Tal como el escritor James Branch Cabell dejó asentado de una vez y para siempre, “al pensamiento filosófico esa afirmación le resulta tan sensata como rechazar una invitación a jugar al billar con el argumento de que uno es fanático del arenque”. Sin embargo, ambas controversias siguen causando estragos, y pensadores despreocupados continúan imponiendo categorías a Dickens y al gato. Los amantes de los perros, si es que tiene sentido esa oposición (porque claramente es posible que te gusten ambos, gatos y perros, así como es posible leer con deleite La historia de Pendennis y Casa desolada), dicen del suave felino que es taimado y falso, ladrón y malagradecido, cruel y veleidoso, amigo de la casa y no del ser humano. De esta opinión, desconsiderada y precipitada, ha derivado el peyorativo y metafórico adjetivo “gatuno” –catty, que en inglés significa malicioso–, que cuando se usa en su sentido más aceptado me parece especialmente aberrante, porque solo podría describirse como gatuna una criatura graciosa y elegante, digna y reservada, el epítome de la belleza, el encanto y el misterio del amor.

Los amantes de los gatos, por su lado, tan fervientes que en Francia se han ganado el apodo de félinophiles enragés, tampoco es que sean unos inocentes.

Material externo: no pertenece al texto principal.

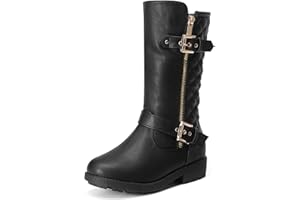 DREAM PAIRS Girls' Knee-High Boots with Side Zippers Warm Plush Lining for Autumn and Winter Easy-to-Slip-On Fashion Boots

Cariñoso, inteligente, fiel, seguro y confiable son algunos de los adjetivos que prodigan de forma indiscriminada a sus mininos adorados, y después de leerlos pareciera que los gatos pasan sus nueve vidas cuidando a los enfermos, rescatando niños de edificios en llamas y ayudando a las ancianas benefactoras a coser ropita para los desposeídos en Africa.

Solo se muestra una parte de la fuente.